The sequential rejection principle of familywise error control

TL;DR

This paper introduces the sequential rejection principle as a fundamental approach to familywise error control, unifying many existing methods and providing a new perspective for developing structured multiple testing procedures.

Contribution

It presents a general sequentially rejective testing procedure that encompasses many known methods and offers a theoretical foundation for error control in structured hypotheses.

Findings

Many well-known procedures are special cases of the proposed framework.

The sequential rejection principle ensures strong familywise error control under simple criteria.
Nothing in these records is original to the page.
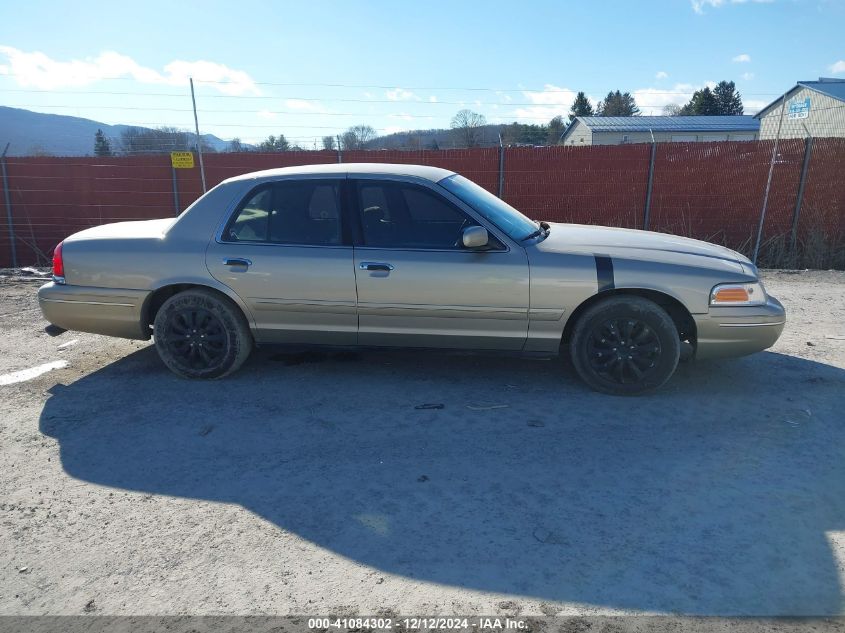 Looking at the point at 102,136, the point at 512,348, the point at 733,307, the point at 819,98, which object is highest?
the point at 819,98

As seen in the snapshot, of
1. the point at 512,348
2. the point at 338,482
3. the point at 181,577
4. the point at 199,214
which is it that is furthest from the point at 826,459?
the point at 199,214

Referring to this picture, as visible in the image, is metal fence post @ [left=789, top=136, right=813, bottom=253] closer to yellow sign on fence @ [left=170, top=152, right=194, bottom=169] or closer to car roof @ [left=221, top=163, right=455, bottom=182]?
car roof @ [left=221, top=163, right=455, bottom=182]

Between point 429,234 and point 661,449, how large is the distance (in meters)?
2.15

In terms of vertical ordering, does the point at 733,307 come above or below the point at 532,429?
above

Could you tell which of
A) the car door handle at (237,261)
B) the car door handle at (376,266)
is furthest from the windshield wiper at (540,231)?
the car door handle at (237,261)

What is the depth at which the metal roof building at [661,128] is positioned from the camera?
41.9m

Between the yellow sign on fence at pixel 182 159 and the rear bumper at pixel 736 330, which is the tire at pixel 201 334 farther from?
the yellow sign on fence at pixel 182 159

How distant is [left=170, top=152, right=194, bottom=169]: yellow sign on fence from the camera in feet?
36.2

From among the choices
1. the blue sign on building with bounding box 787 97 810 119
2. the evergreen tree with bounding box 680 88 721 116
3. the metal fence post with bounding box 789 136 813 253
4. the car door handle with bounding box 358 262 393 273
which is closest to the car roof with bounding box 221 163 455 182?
the car door handle with bounding box 358 262 393 273

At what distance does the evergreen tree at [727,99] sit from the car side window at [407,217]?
218ft

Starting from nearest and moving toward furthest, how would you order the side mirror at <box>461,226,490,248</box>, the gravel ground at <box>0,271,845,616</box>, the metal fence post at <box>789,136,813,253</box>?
the gravel ground at <box>0,271,845,616</box>
the side mirror at <box>461,226,490,248</box>
the metal fence post at <box>789,136,813,253</box>

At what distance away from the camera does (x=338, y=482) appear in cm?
343

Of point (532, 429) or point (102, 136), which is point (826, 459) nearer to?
point (532, 429)

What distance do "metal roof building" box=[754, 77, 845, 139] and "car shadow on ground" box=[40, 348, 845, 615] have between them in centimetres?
2761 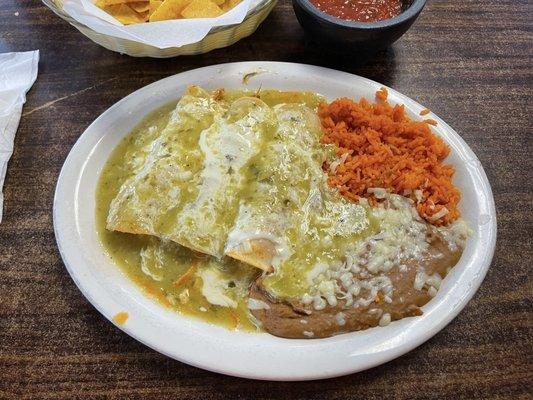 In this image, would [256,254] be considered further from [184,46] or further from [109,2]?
[109,2]

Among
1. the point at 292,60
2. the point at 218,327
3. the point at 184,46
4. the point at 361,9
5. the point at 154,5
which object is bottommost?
the point at 218,327

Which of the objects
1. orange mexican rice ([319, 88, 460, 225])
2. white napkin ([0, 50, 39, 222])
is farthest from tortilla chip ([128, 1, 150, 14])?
orange mexican rice ([319, 88, 460, 225])

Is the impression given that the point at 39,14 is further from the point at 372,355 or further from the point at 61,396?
the point at 372,355

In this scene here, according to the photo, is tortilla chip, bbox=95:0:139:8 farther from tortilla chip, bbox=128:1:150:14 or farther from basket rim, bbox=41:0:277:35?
basket rim, bbox=41:0:277:35

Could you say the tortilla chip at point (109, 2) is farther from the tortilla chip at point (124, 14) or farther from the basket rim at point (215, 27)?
the basket rim at point (215, 27)

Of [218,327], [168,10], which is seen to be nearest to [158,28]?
[168,10]

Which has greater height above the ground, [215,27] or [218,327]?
[215,27]

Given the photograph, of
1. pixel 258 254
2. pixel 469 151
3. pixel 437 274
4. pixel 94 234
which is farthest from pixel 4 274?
pixel 469 151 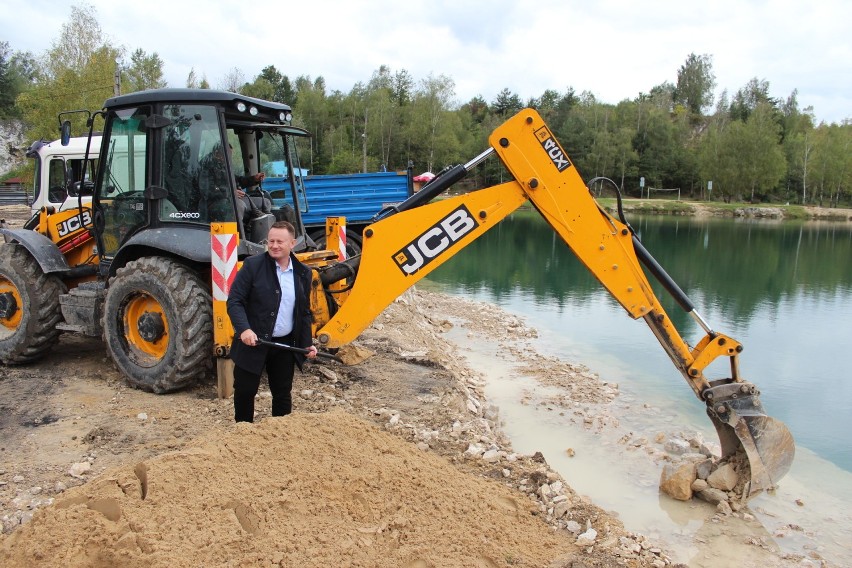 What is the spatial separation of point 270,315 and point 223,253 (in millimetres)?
1405

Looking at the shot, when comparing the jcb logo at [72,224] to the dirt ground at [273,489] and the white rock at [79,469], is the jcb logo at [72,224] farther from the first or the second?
the white rock at [79,469]

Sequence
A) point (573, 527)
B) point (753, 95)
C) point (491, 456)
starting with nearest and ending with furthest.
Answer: point (573, 527) < point (491, 456) < point (753, 95)

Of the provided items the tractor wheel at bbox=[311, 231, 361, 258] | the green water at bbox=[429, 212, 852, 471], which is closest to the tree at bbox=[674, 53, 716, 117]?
the green water at bbox=[429, 212, 852, 471]

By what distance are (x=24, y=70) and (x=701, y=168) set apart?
194 ft

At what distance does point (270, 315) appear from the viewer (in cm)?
395

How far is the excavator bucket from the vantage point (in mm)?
4695

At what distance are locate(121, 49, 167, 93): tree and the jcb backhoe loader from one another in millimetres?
31108

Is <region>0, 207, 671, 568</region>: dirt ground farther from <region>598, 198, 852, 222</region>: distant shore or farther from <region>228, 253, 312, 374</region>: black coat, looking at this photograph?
<region>598, 198, 852, 222</region>: distant shore

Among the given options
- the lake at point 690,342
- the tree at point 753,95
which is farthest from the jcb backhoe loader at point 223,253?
the tree at point 753,95

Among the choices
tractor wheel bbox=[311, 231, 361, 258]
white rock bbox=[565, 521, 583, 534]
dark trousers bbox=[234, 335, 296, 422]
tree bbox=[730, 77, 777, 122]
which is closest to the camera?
white rock bbox=[565, 521, 583, 534]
The approach facilitates the development of procedures for graph-structured hypotheses.

Abstract

Closed testing and partitioning are recognized as fundamental principles of familywise error control. In this paper, we argue that sequential rejection can be considered equally fundamental as a general principle of multiple testing. We present a general sequentially rejective multiple testing procedure and show that many well-known familywise error controlling methods can be constructed as special cases of this procedure, among which are the procedures of Holm, Shaffer and Hochberg, parallel and serial gatekeeping procedures, modern procedures for multiple testing in graphs, resampling-based multiple testing procedures and even the closed testing and partitioning procedures themselves. We also give a general proof that sequentially rejective multiple testing procedures strongly control the familywise error if they fulfill simple criteria of monotonicity of the critical values and a limited form of weak familywise error control in each single step. The sequential rejection principle gives a novel theoretical perspective on many well-known multiple testing procedures, emphasizing the sequential aspect. Its main practical usefulness is for the development of multiple testing procedures for null hypotheses, possibly logically related, that are structured in a graph. We illustrate this by presenting a uniform improvement of a recently published procedure.